Vanbinnen borrelt de koffie die je veel te snel hebt opgedronken en waardoor je je tong hebt verbrand. De zenuwen knijpen je keel dicht. Je hebt het te warm omdat je je moet haasten. Je dochter heeft de haarspelden uit je haren getrokken en heeft met haar kleine handjes een ragebol van je voorheen met moeite in een passende dot opgestoken haren gemaakt. Je moet heel dringend plassen, zoals elke morgen, hoewel je voordat je vertrekt nog naar het wc bent gegaan. Dan begint het te regenen en je opent je paraplu die binnenstebuiten klapt, zodat je hem weer sluit. Die vintage jas die nog van je moeder was is waterdoorlatend en je wordt drijfnat tot op je al klamme huid. Eensklaps besef je dat je deze morgen voordat je vertrok niet meer in de spiegel hebt gekeken en dat er misschien nog wat granola tussen je tanden zit. Je hebt geen tandenstoker bij. De reservekleding, luiers, drank en rijstwafels, knuffel en fopspeen voor je dochter heb je allemaal bij, maar die tandenstoker ben je vergeten. Je denkt aan die opmerking van een vriendin over The Breakfast Club, die onlangs op tv werd heruitgezonden. Het was haar opgevallen dat de tanden van acteurs in deze jaren tachtig-film nog niet kaarsrecht en gebleekt waren. Straks heb je een jobinterview. Wat je hebt onthouden van de jobcoach: alleen positieve boodschappen brengen, actieve zinnen gebruiken, kwaliteiten en eigenschappen meedelen, een coherent verhaal brengen, niet twijfelen. Waaraan je alleen maar kan denken: ik ben ontslagen, ik heb geen tandenstoker bij, mijn haar zit in de war, ik ben doornat en bezweet, ik ben een twijfelaar. Ik ben niemand.

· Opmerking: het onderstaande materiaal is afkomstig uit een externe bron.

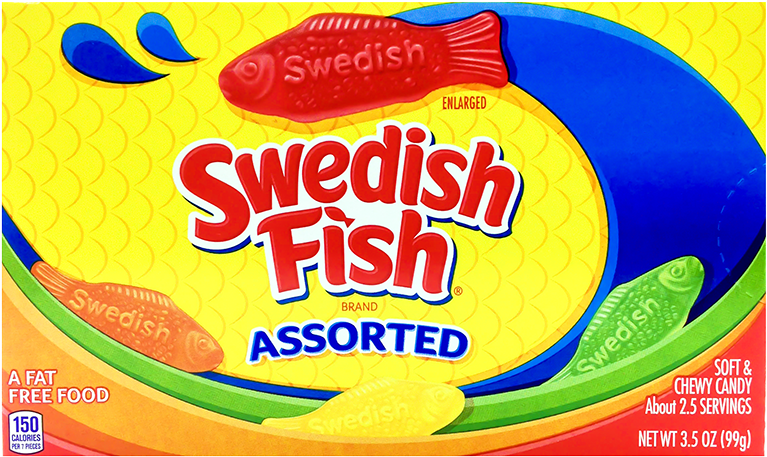 Candy Swedish Fish (800x600), Png Download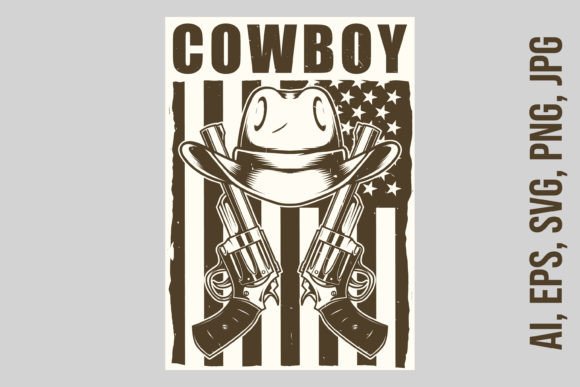 Wild West Cowboy Poster Design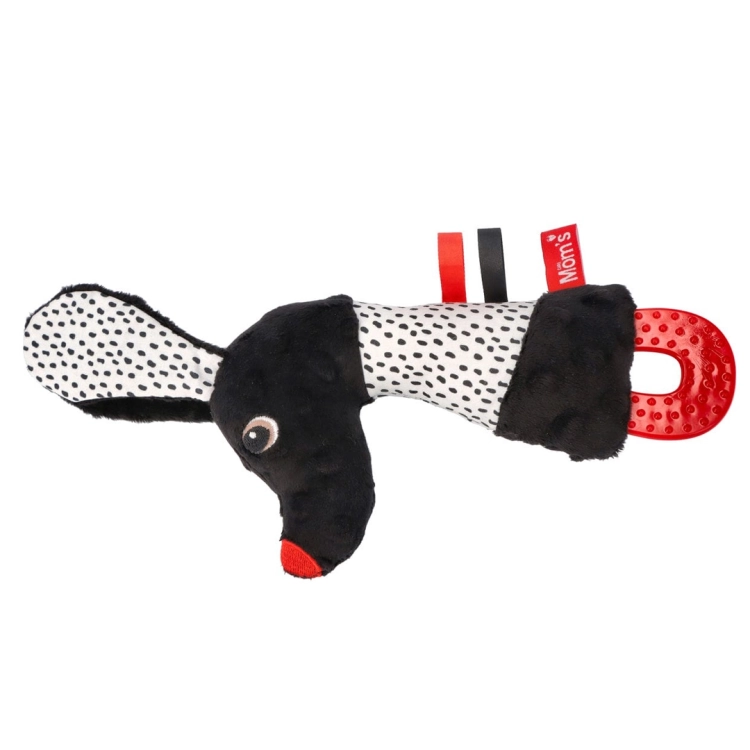 piszczałka i gryzak Jamiś – rozwijanie zmysłu dotyku, słuchu i koordynacji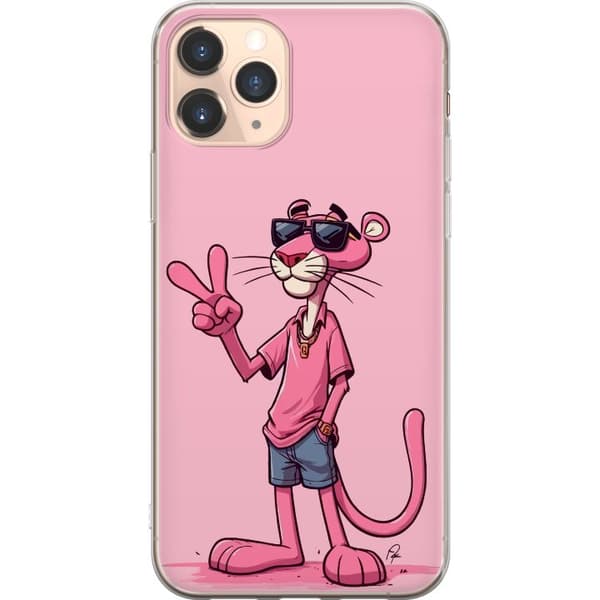 Apple iPhone 11 Pro Gennemsigtig cover Pink Panter Peace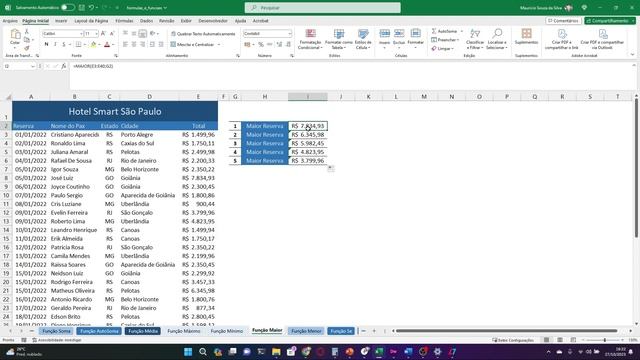 Curso de EXCEL BÁSICO - FUNÇÃO MAIOR e FUNÇÃO MENOR #6 смотреть онлайн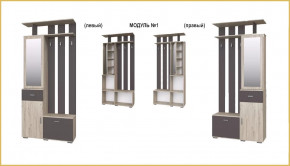 "ИМИДЖ" модуль №01, шкаф-вешалка с зеркалом в Муравленко - muravlenko.mebel-tymen.ru | фото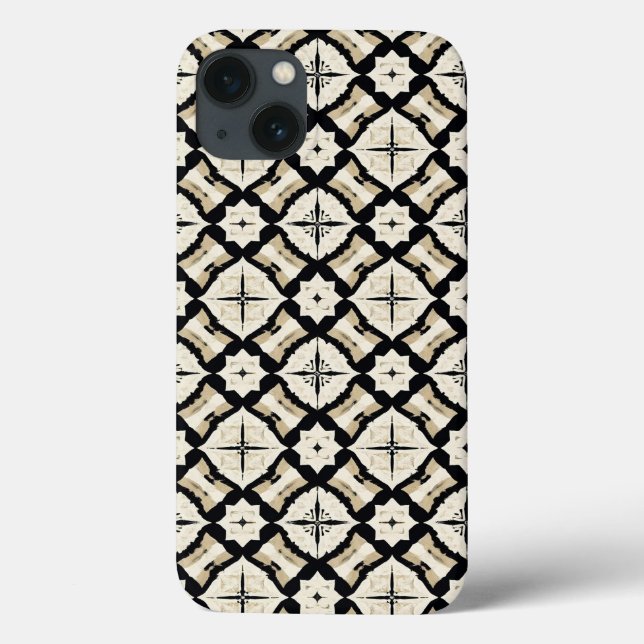 Estética Geométrica Minimalista Preto e Branco (Verso)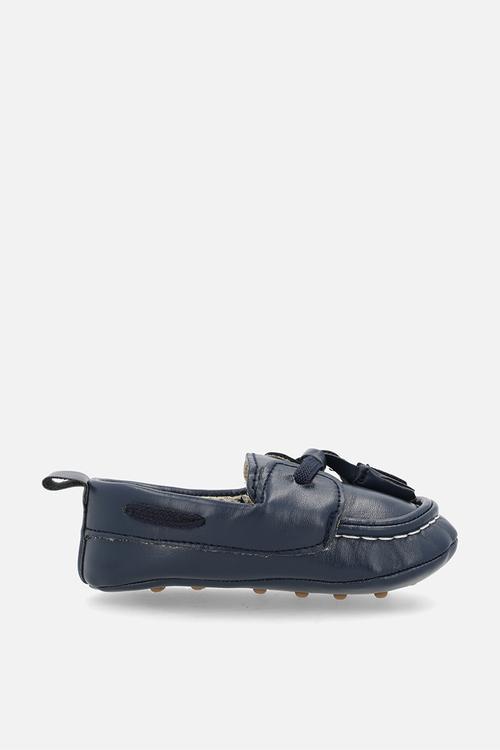 Faux leather brogues - light navy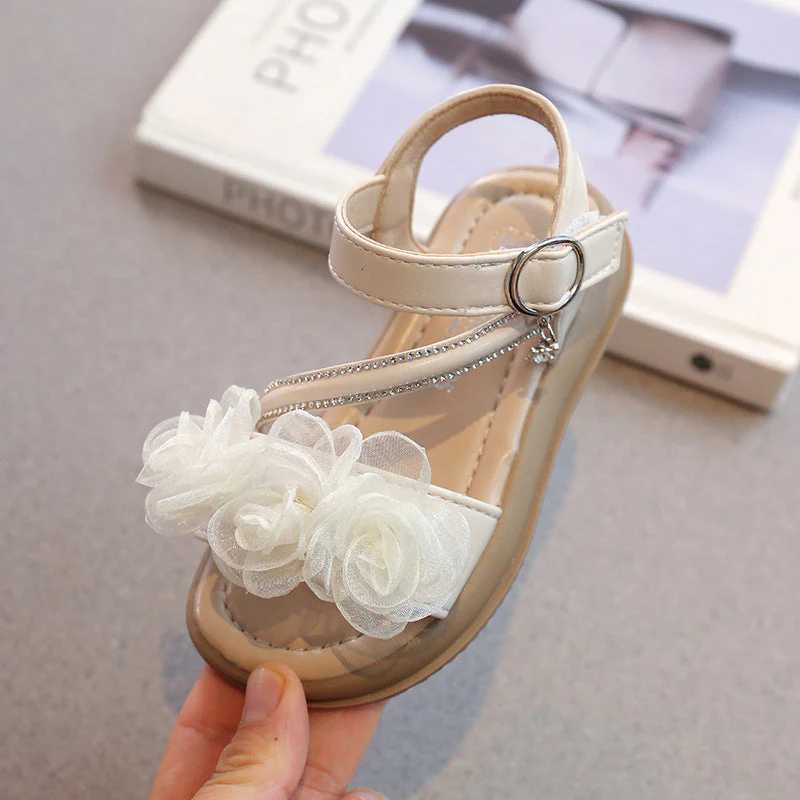 Mädchen Floral Verzierte Komfort Sandalen Heidi-Mode - Image 4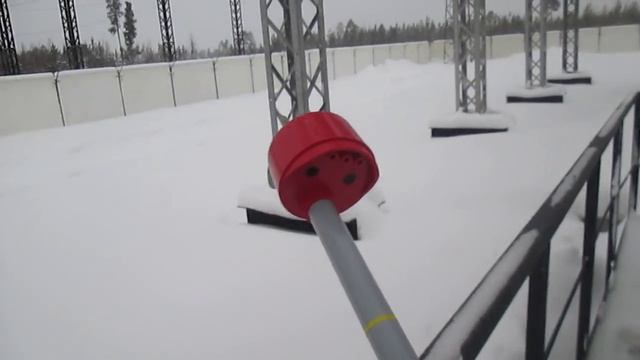 Проверка наличия, отсутствия напряжения на ВЛ-35кВ. смотреть онлайн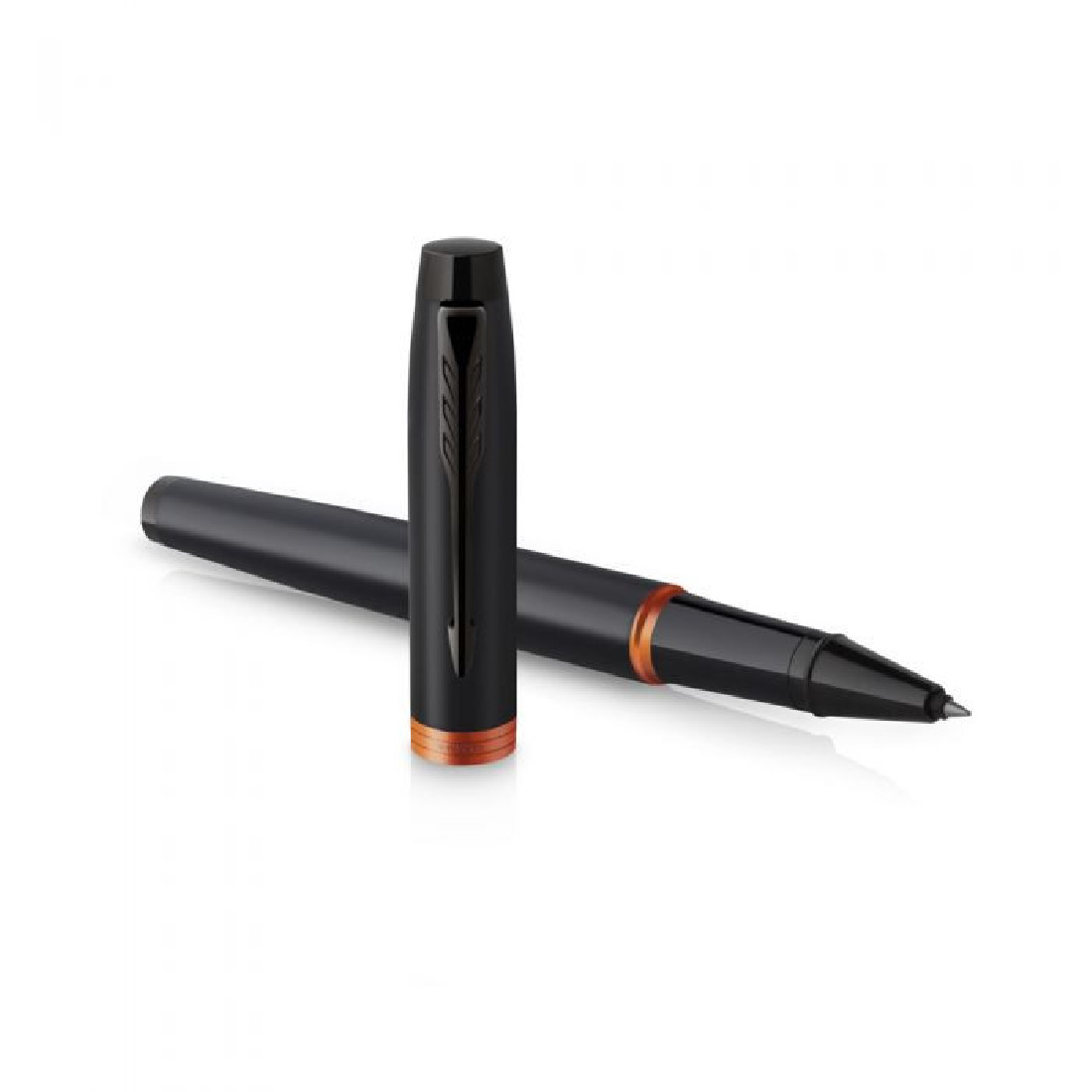 Parker IM Vibrant Rings flame orange Set Rollerball and Notebook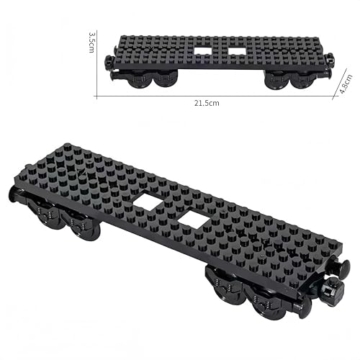 City Zugbasis Set, 2Pcs Technik Zug Basis Bausteine Refit Eisenbahn Schienen Zubehör Klemmbausteine Compatible with City Technic Train - 2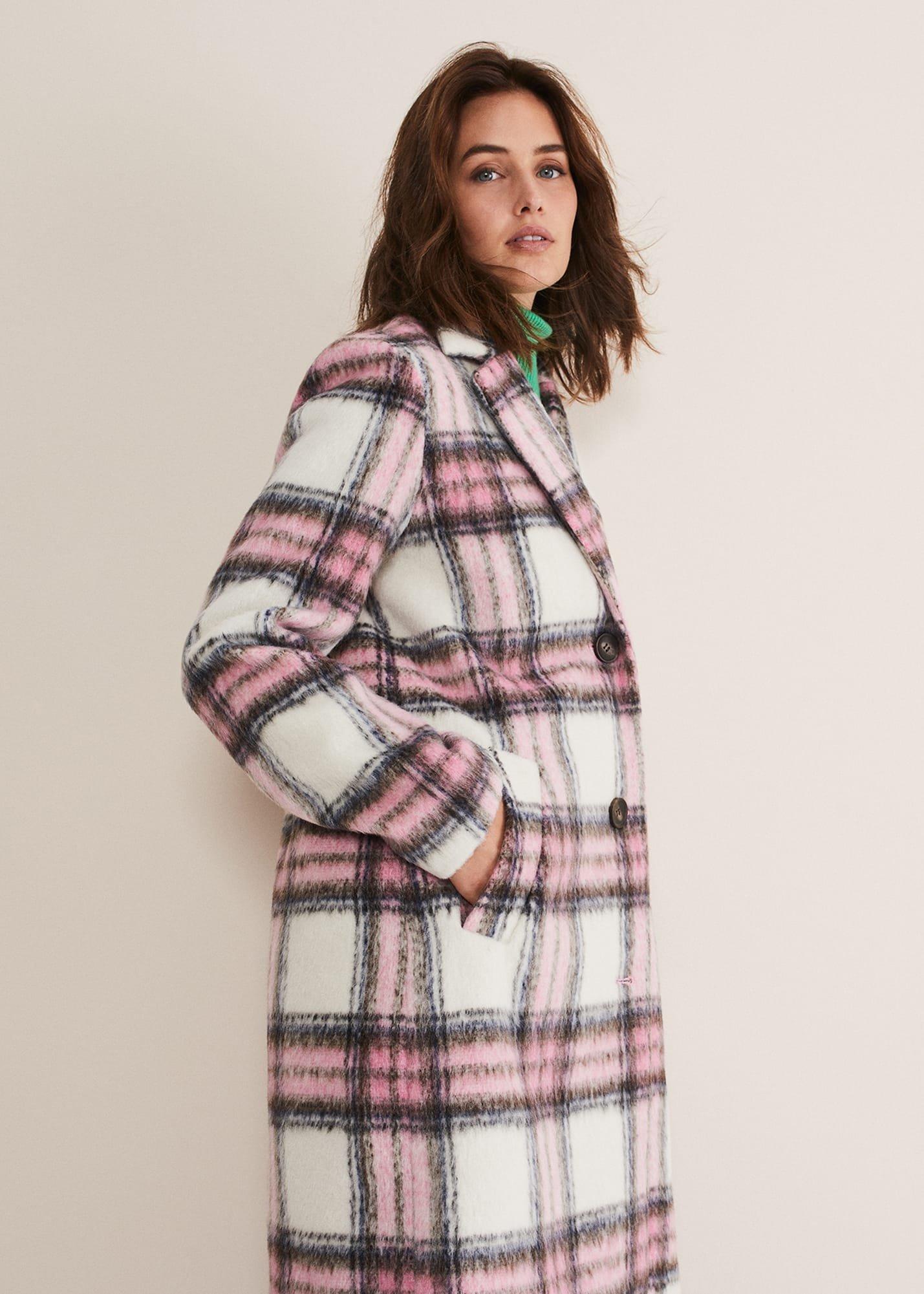 Catriona Checked Coat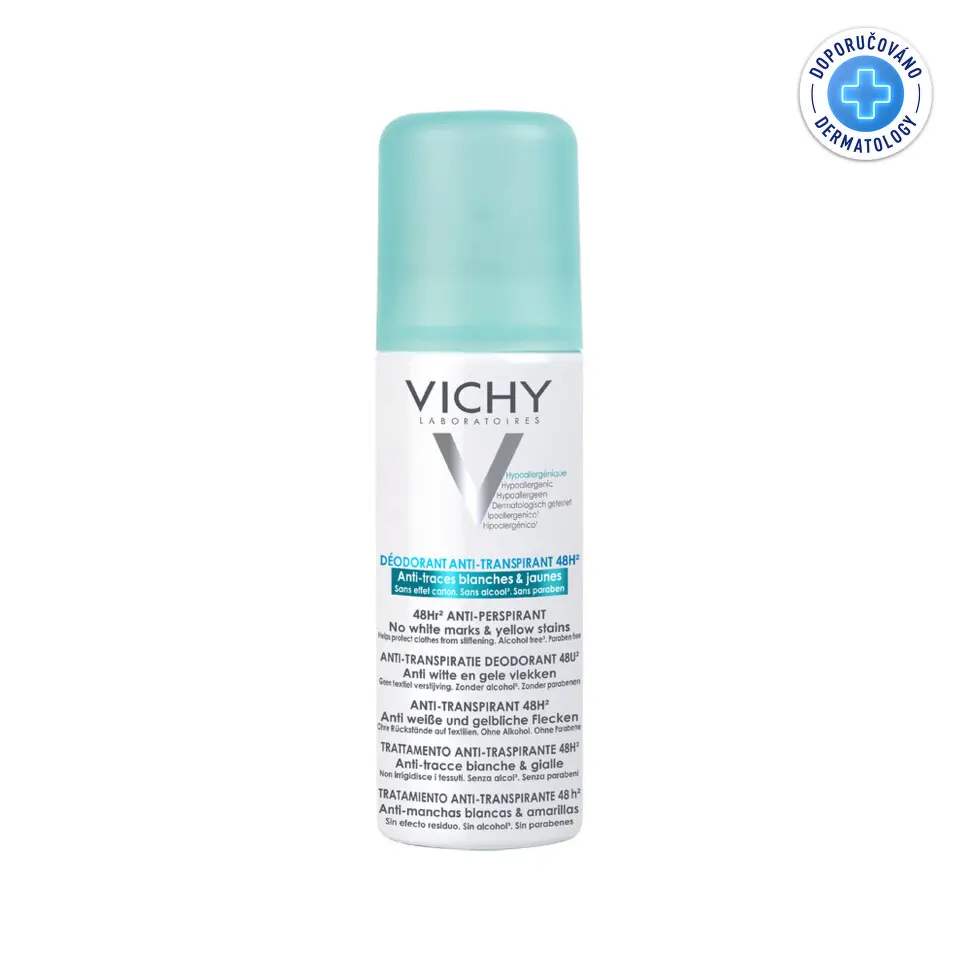 Vichy Deodorant Anti-Transpirant 48H - No Marks antiperspirant proti nadměrnému pocení 125 ml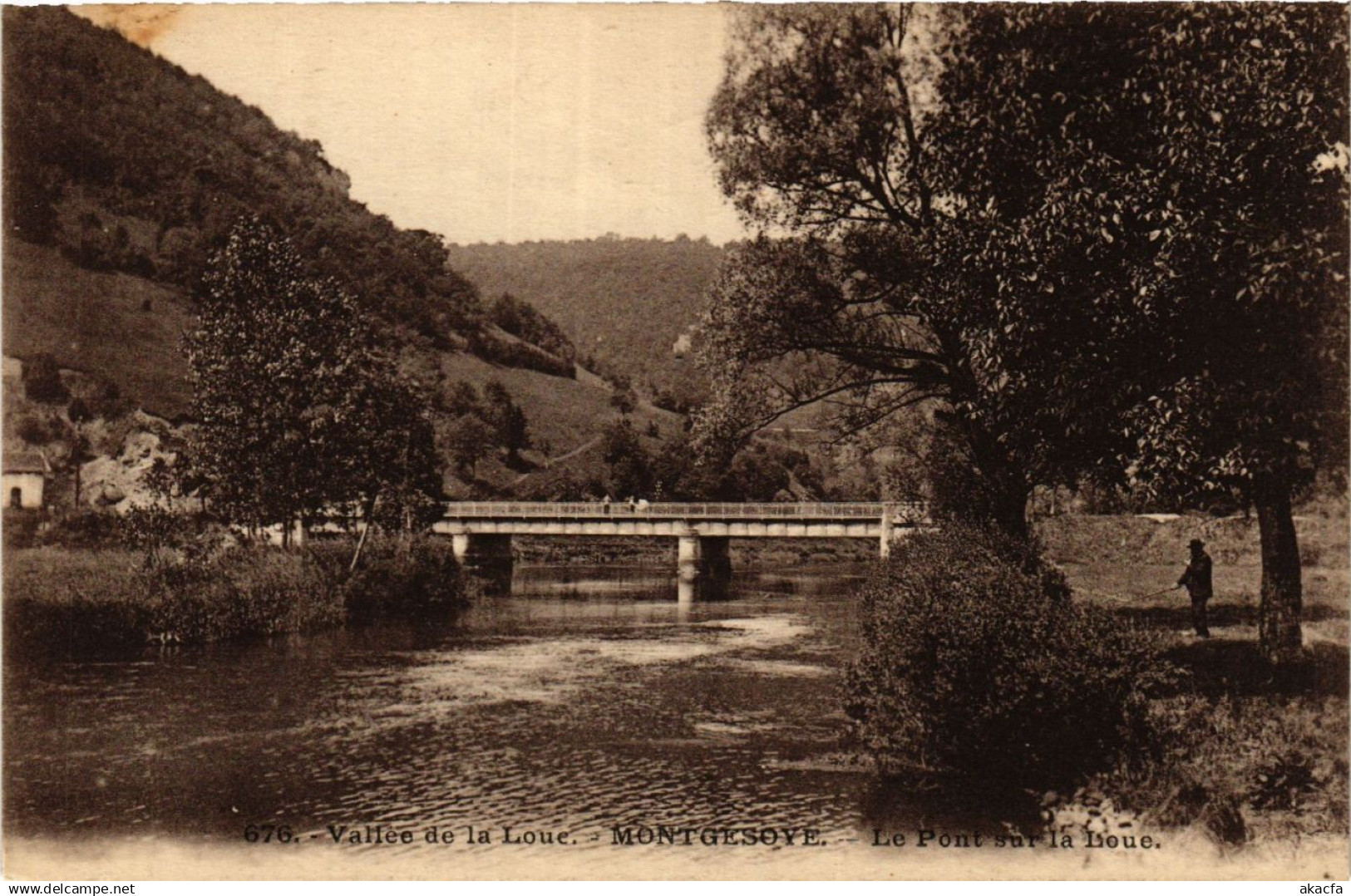 CPA Vallée de la Loue - Montgesoye - Le Pont sur la Loue (366047)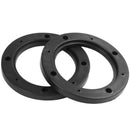 Car 4 Inch Inner Dia Speaker Spacers 4Pcs Black Z6M5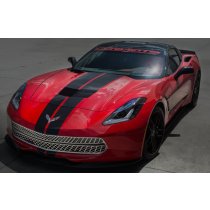 2014-2019 C7 Corvette Polished Front Grille Diamond Pattern with Brushed Trim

Je moet hollen, want hoewel je deze ochtend ruim op tijd bent opgestaan, wou je dochter zich niet haasten en wou je haar dat leven van haast en spoed ook niet aandoen. Je holt voorbij de auto’s die stilstaan in de file als voorheen. Wilden we het dan niet met zijn allen anders? Je ziet een aankondiging voor een lottotrekking. Wat als … maar je weet dat statistisch de kans zo goed als nihil is. Bovendien heb je geluk in de liefde. Een regenboog! roept iemand. Op zijn accordeon zet hij een deuntje in. Goedemorgen, zegt hij. Je vertraagt. Goedemorgen, zeg je.
Eindelijk kijk je, eindelijk zie je de mensen.
Lees: Hotel du lac van Anita Brookner. Over een onderschatte onopvallende vrouw in een hotel in Genève. Een ogenschijnlijk ‘klein’ verhaal, ingetogen geschreven met knappe karakterschetsen en een verrassende ontknoping.